═════ DATA EXTRACTS ═════

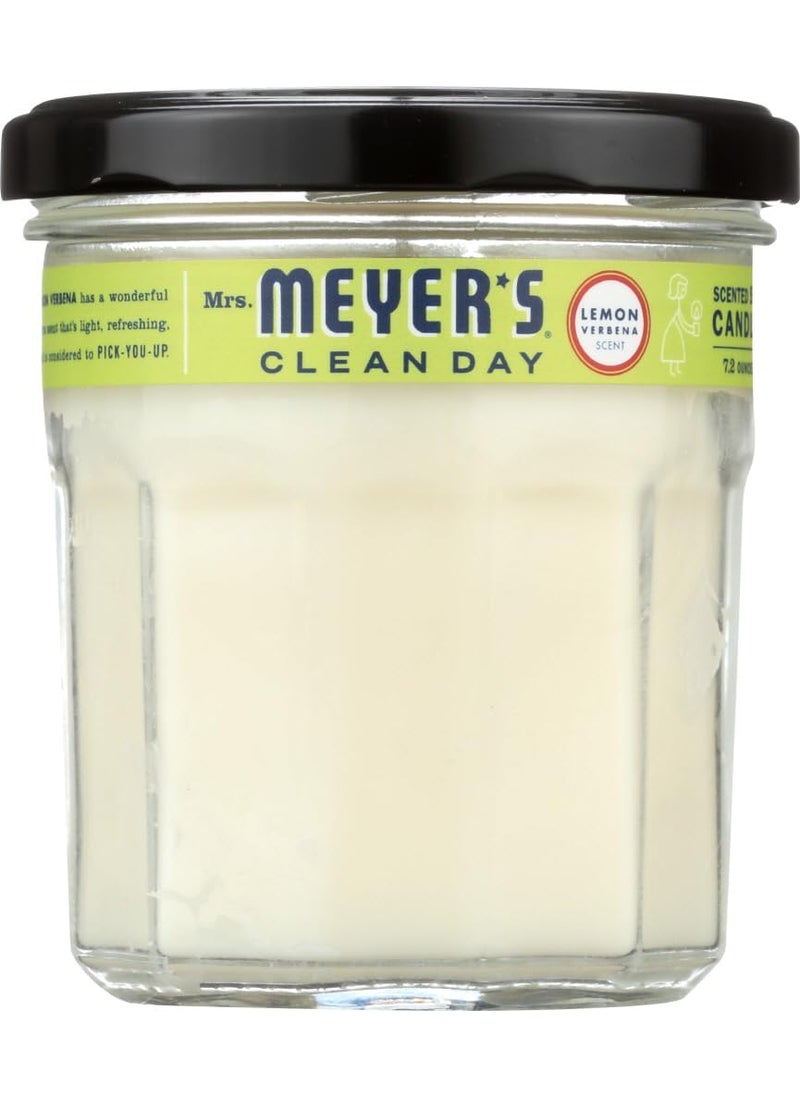 MRS. MEYER'S CLEAN DAY Scented Soy Candle, Large Glass, Lemon Verbena, 7.2 oz, 2 ct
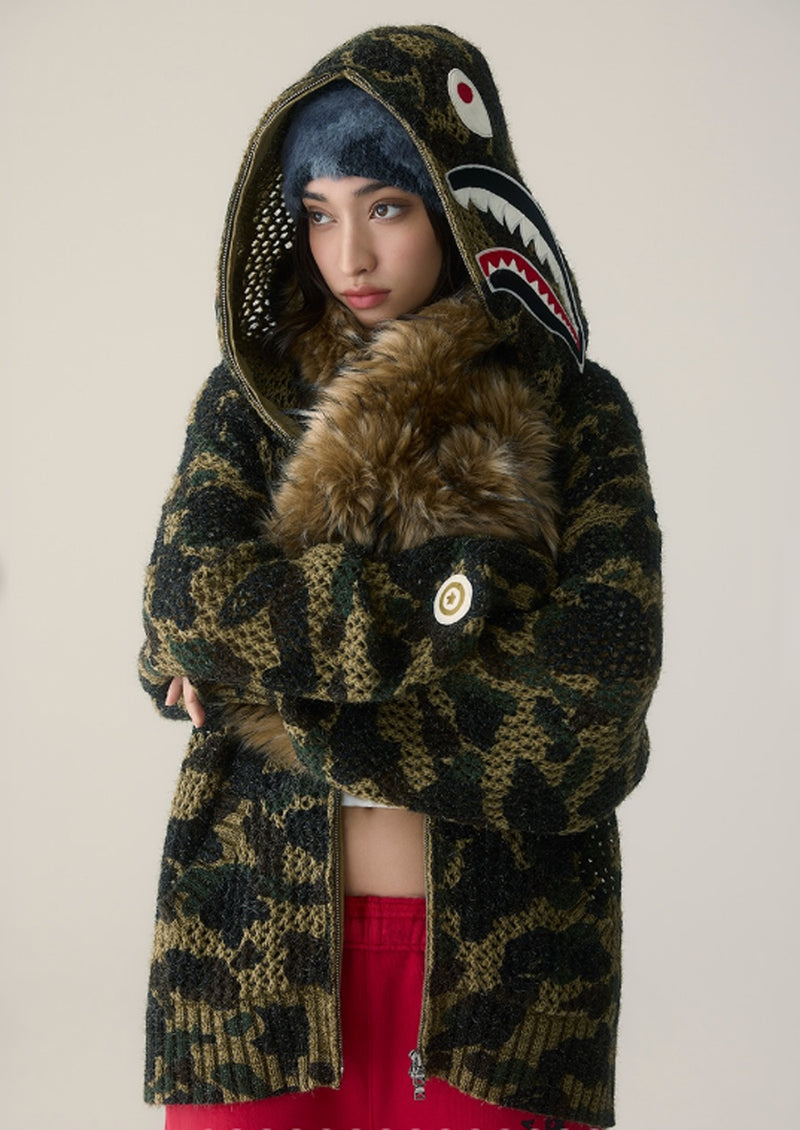 A BATHING APE Ladies' 1ST CAMO CROCHET SHARK FULL ZIP HOODIE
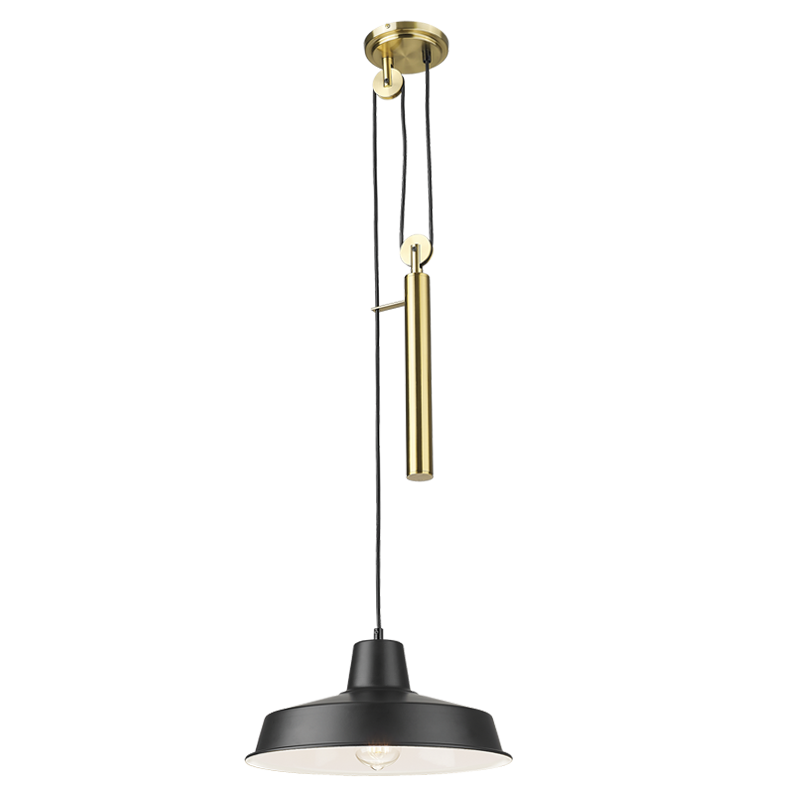 Metal Pendant with White Inner (PEN872 BRASS/BLACK)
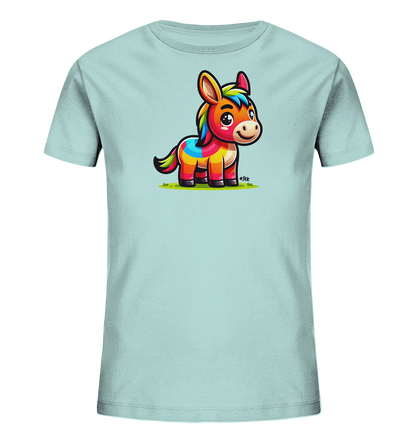Onlineshop Shirts fuer Kinder - Das Bild zeigt ein hellblaues T-Shirt fuer Kinder auf einem neutralen Hintergrund. Auf der Vorderseite ist eine bunte Illustration eines kleinen Esels zu sehen. Der Esel ist im Stil einer Piñata mit lebendigen Farben wie Rot, Gelb, Blau und Gruen gestaltet und steht auf einer stilisierten gruenen Wiese. Das Design wirkt froehlich und kindgerecht.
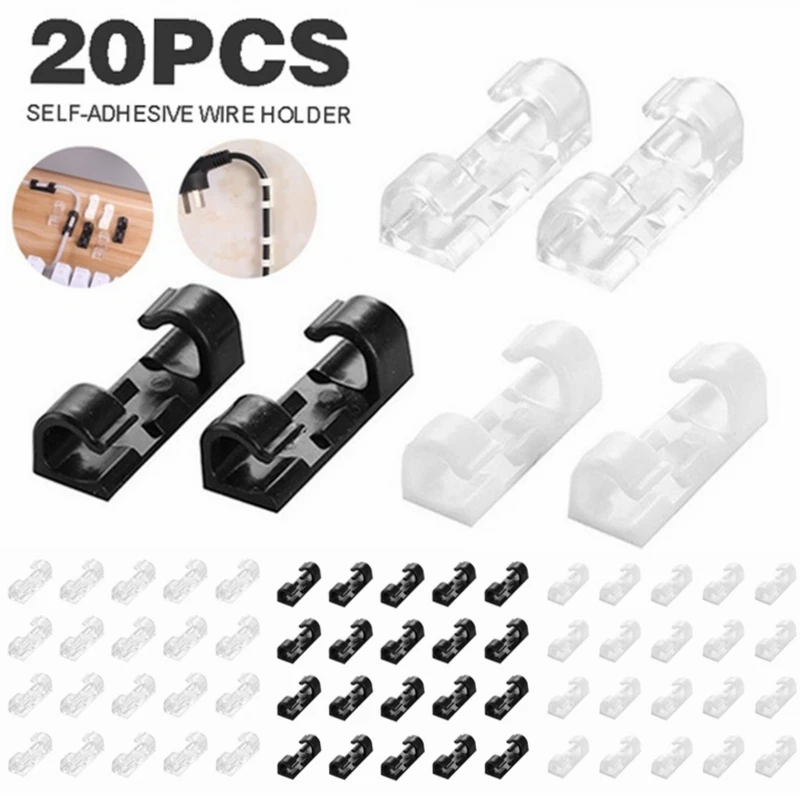 16 20 Pcs Cable Clips Organizer Drop Wire Holder Cord Management Self Adhesive Cable Manager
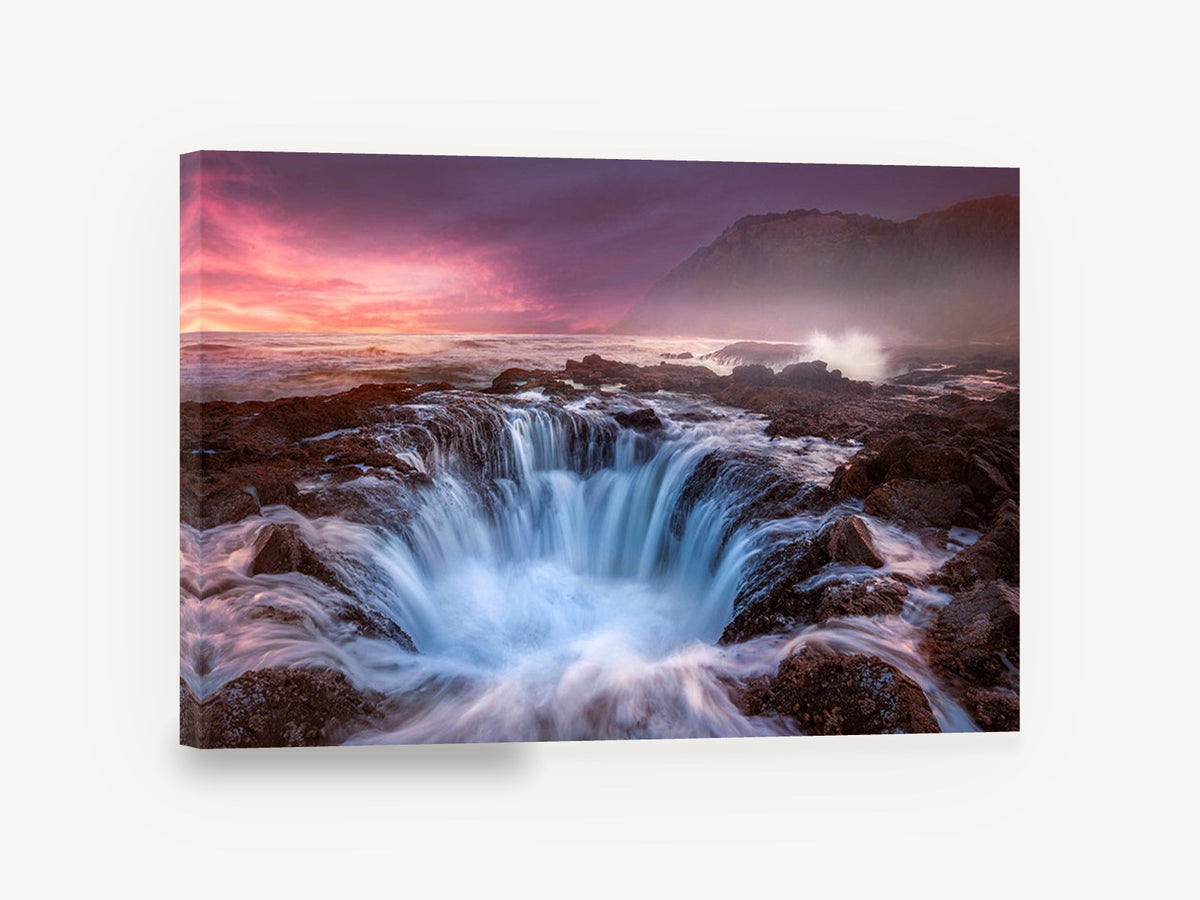 Sunset Sea Basin, coastal rock basin sunset photograph, landscape canvas wall art print ready to hang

═════

What is needed is an exact repetition of every line from the line with "16 20 Pcs Cable" to the end of the data above, both ends included, with no pictures.

 16 20 Pcs Cable Clips Organizer Drop Wire Holder Cord Management Self Adhesive Cable Manager
 Sunset Sea Basin, coastal rock basin sunset photograph, landscape canvas wall art print ready to hang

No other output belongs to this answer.